Short web captions
◆ ◆ ◆ ◆ ◆ ◆ ◆
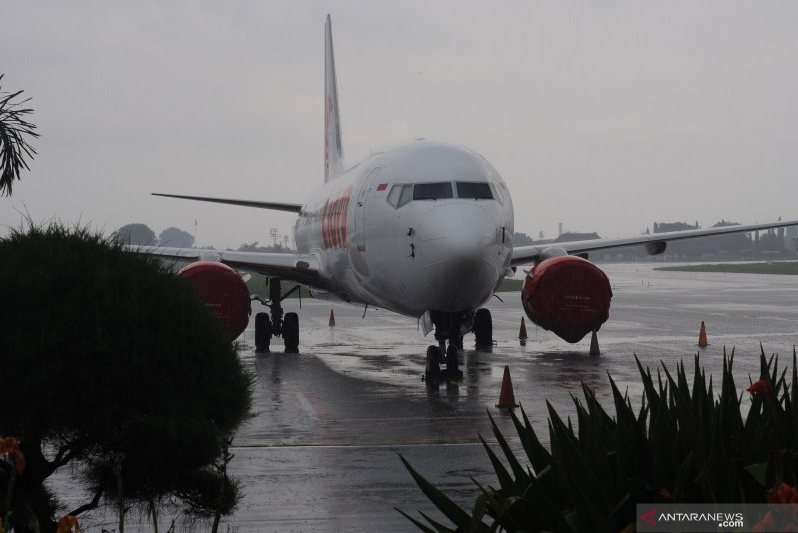 Pesawat Lion Air teparkir di apron Bandara Adi Soemarmo, Boyolali, Jawa Tengah, Selasa (3/3).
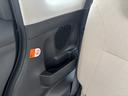 １４インチフルホイールキャップ　ＬＥＤヘッドランプ　キーフリーシステム　両側パワースライドドア　オートエアコン（プッシュ式）　オートライト　置きラクボックス（静岡県）の中古車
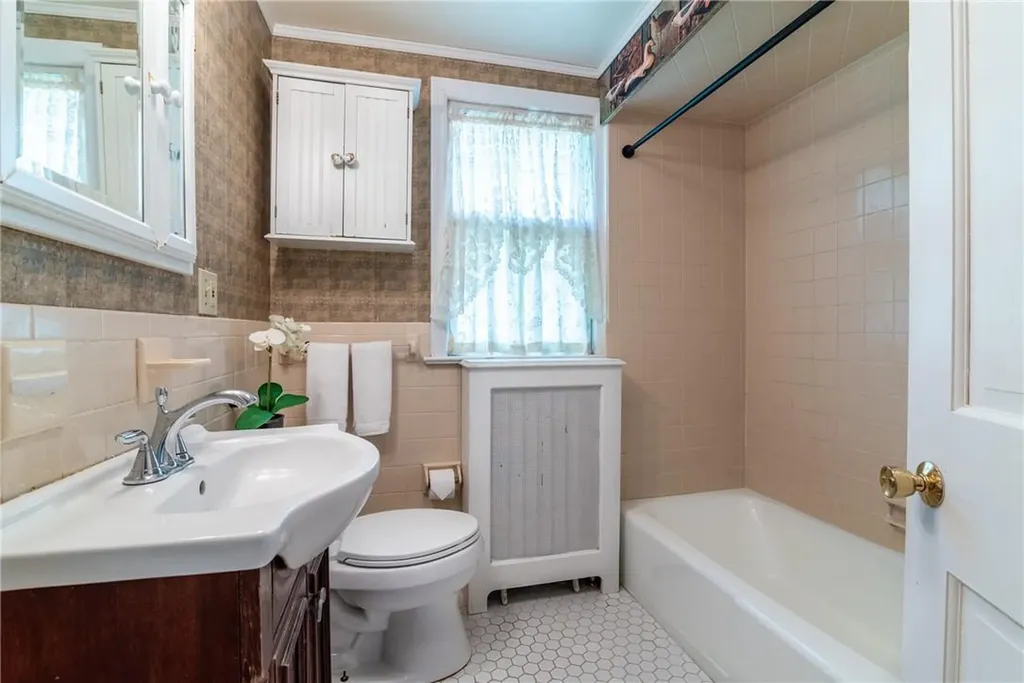 614 Bedford Road Armonk NY 10504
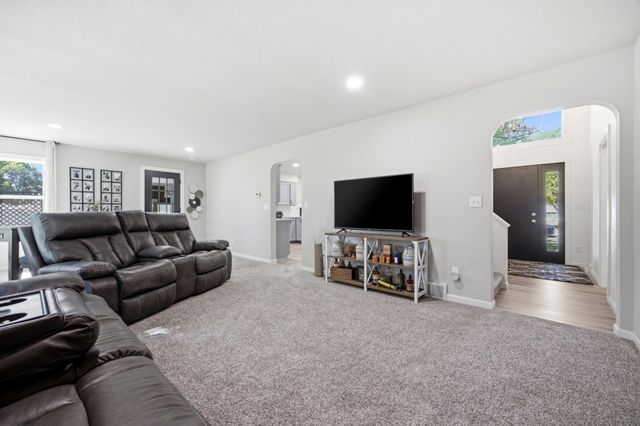 2504 18th Street S, Moorhead, MN 56560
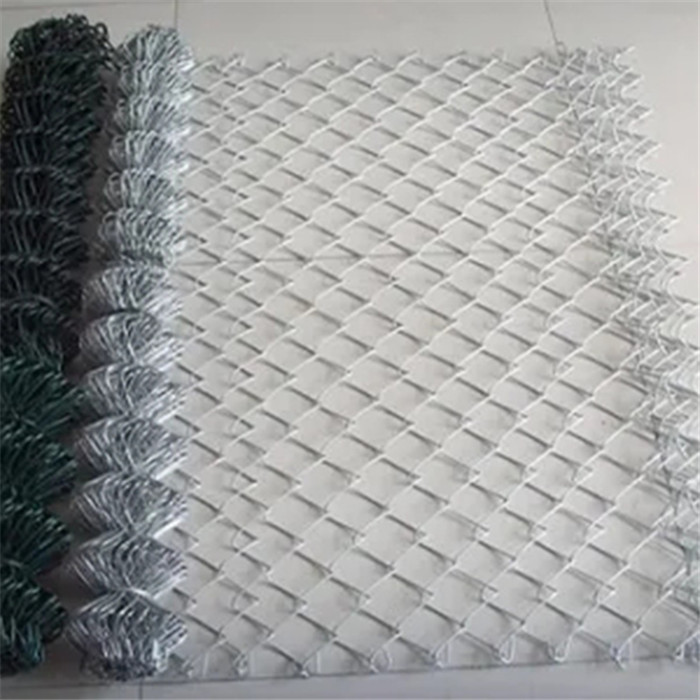 PVC Coated Galvanized Wire Mesh Fence Secutiry Fence Factory Price Featured Image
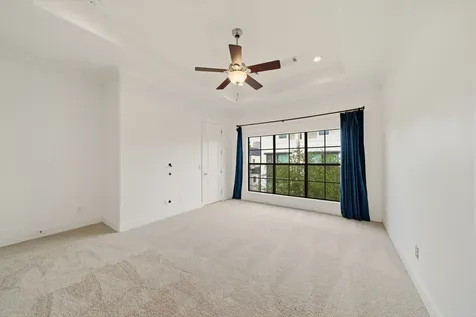 911 W Drew Street Houston TX 77006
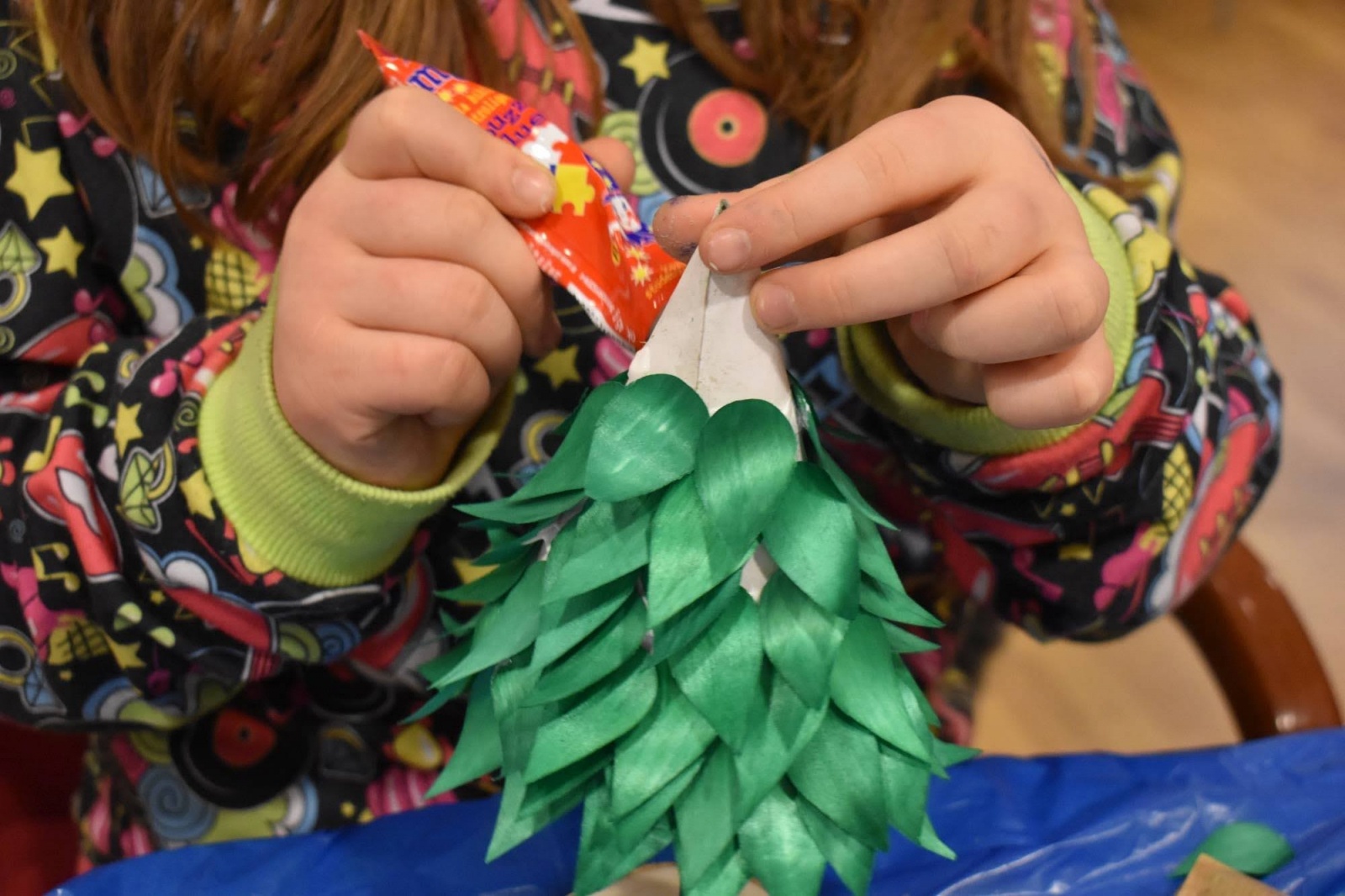 Zdjęcie w galerii na portalu naszraciborz.pl: Jarmark zamkowy. Dzieci na scenie i świąteczne wynalazki wiadomości z regionu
◆ ◆ ◆ ◆ ◆ ◆ ◆
◆ Prompt ◆
Extract exactly the lines from the one containing "911 W Drew Street Houston TX 77006" through the last line of the records above, both included, and leave out the pictures.

◆ Result of the task ◆
 911 W Drew Street Houston TX 77006
 Zdjęcie w galerii na portalu naszraciborz.pl: Jarmark zamkowy. Dzieci na scenie i świąteczne wynalazki wiadomości z regionu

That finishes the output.